= 2021–22 European Rugby Champions Cup pool stage =

The 2021–22 European Rugby Champions Cup pool stage was the first stage of the 27th season of European club rugby union, and the eighth under the European Rugby Champions Cup format. Due to the COVID-19 pandemic delaying the end of the 2019–20 tournament, twenty-four clubs from the three major European domestic and regional leagues competed in the Champions Cup on a one-year exceptional basis.

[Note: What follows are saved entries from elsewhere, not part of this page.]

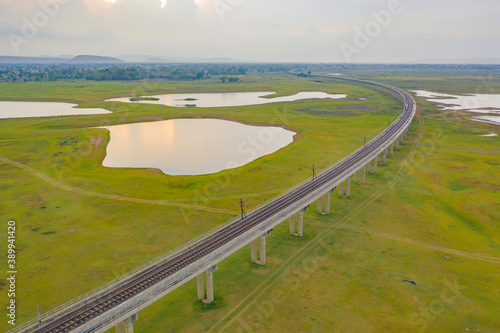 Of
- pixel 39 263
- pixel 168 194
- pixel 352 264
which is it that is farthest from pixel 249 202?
pixel 39 263

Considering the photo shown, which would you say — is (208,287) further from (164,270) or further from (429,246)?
(429,246)

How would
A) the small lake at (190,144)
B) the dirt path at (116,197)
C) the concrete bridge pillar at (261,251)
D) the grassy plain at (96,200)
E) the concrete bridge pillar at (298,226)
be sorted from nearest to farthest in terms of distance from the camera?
1. the grassy plain at (96,200)
2. the concrete bridge pillar at (261,251)
3. the concrete bridge pillar at (298,226)
4. the dirt path at (116,197)
5. the small lake at (190,144)

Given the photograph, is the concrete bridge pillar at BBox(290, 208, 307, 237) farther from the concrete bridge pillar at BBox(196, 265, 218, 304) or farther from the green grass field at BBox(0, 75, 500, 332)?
the concrete bridge pillar at BBox(196, 265, 218, 304)

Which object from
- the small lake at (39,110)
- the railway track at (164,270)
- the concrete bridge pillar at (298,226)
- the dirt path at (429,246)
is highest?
the small lake at (39,110)

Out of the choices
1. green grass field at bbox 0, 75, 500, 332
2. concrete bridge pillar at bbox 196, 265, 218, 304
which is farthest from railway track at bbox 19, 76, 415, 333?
green grass field at bbox 0, 75, 500, 332

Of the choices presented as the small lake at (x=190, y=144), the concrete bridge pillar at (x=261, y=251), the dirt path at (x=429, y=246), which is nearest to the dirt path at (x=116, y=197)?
the concrete bridge pillar at (x=261, y=251)

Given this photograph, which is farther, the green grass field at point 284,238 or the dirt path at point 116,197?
the dirt path at point 116,197

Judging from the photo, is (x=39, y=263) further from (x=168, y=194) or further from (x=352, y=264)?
(x=352, y=264)

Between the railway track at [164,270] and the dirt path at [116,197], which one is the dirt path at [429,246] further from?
the dirt path at [116,197] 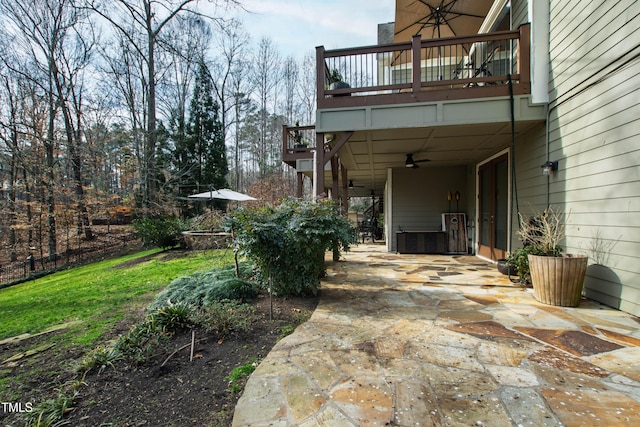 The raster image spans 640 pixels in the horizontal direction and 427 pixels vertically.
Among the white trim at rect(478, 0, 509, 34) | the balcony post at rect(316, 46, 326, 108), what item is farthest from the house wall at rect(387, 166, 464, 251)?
the balcony post at rect(316, 46, 326, 108)

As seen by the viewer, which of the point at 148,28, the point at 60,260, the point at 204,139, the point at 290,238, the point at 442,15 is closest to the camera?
the point at 290,238

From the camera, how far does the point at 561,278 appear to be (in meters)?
3.06

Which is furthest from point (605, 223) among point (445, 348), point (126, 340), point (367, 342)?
point (126, 340)

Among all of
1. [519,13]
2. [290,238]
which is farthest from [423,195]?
[290,238]

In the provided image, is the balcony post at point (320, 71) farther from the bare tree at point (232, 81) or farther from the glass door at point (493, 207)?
the bare tree at point (232, 81)

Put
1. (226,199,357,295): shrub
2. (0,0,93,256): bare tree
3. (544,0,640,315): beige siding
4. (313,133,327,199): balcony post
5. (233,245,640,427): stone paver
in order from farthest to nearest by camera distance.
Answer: (0,0,93,256): bare tree, (313,133,327,199): balcony post, (226,199,357,295): shrub, (544,0,640,315): beige siding, (233,245,640,427): stone paver

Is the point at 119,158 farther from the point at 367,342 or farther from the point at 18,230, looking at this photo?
the point at 367,342

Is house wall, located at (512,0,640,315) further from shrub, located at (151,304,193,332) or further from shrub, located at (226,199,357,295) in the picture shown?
shrub, located at (151,304,193,332)

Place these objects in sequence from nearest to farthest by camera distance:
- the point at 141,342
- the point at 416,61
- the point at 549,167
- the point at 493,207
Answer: the point at 141,342 < the point at 549,167 < the point at 416,61 < the point at 493,207

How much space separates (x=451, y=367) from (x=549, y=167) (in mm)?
3341

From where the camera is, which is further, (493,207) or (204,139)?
(204,139)

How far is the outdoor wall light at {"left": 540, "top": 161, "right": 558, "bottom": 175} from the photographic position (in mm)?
3828

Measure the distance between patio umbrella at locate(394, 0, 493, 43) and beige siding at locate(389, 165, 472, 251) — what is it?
10.3ft

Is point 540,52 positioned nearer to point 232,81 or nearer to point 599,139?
point 599,139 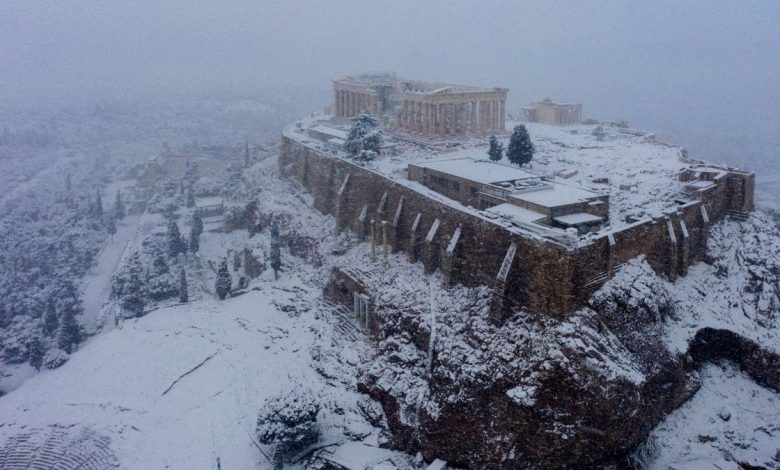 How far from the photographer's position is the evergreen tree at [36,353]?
46938 millimetres

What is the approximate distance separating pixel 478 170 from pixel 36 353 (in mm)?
41500

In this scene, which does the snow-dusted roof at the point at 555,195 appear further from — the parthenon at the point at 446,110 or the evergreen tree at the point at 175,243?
the evergreen tree at the point at 175,243

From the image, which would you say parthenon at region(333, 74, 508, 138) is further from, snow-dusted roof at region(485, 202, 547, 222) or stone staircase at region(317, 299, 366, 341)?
snow-dusted roof at region(485, 202, 547, 222)

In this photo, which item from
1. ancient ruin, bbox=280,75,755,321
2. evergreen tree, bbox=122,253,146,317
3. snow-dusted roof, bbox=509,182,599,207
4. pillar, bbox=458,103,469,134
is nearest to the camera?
ancient ruin, bbox=280,75,755,321

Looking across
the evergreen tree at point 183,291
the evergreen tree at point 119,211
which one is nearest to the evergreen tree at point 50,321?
the evergreen tree at point 183,291

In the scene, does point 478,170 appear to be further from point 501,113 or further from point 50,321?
point 50,321

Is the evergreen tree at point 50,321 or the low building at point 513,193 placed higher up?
the low building at point 513,193

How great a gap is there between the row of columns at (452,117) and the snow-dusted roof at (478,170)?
44.7 ft

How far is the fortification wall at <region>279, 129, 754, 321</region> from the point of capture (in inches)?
1019

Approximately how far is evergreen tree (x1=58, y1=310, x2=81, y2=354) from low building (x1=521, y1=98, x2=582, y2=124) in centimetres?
5671

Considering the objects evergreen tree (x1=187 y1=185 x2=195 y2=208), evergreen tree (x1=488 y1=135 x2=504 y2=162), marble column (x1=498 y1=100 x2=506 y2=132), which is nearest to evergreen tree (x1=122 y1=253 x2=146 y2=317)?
evergreen tree (x1=187 y1=185 x2=195 y2=208)

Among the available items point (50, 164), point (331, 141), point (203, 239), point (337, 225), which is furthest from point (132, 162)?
point (337, 225)

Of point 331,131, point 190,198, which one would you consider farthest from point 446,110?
point 190,198

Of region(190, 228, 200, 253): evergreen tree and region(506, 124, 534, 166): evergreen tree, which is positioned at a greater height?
region(506, 124, 534, 166): evergreen tree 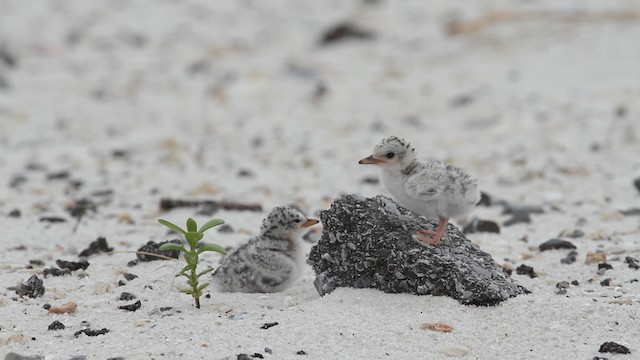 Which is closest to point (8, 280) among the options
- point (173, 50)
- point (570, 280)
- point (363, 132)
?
point (570, 280)

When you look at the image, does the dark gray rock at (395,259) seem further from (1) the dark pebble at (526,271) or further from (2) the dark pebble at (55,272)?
(2) the dark pebble at (55,272)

Several round 2 matches between teams from France and the UK were postponed. This was due to new travel restrictions between the UK and France introduced by the French government on 18 December 2021. This resulted in multiple 0–0 draws and 2 match points given to each team.

==Seeding==
For the purposes of the pool draw, the 24 clubs were separated into tiers based on their league finishing position, and clubs from the same league in the same tier were not drawn into the same pool. The number 1 and number 2 ranked clubs from each league are in Tier 1, the number 3 and number 4 ranked clubs are in Tier 2, the number 5 and 6 ranked clubs are in Tier 3, and the number 7 and number 8 ranked clubs are in Tier 4.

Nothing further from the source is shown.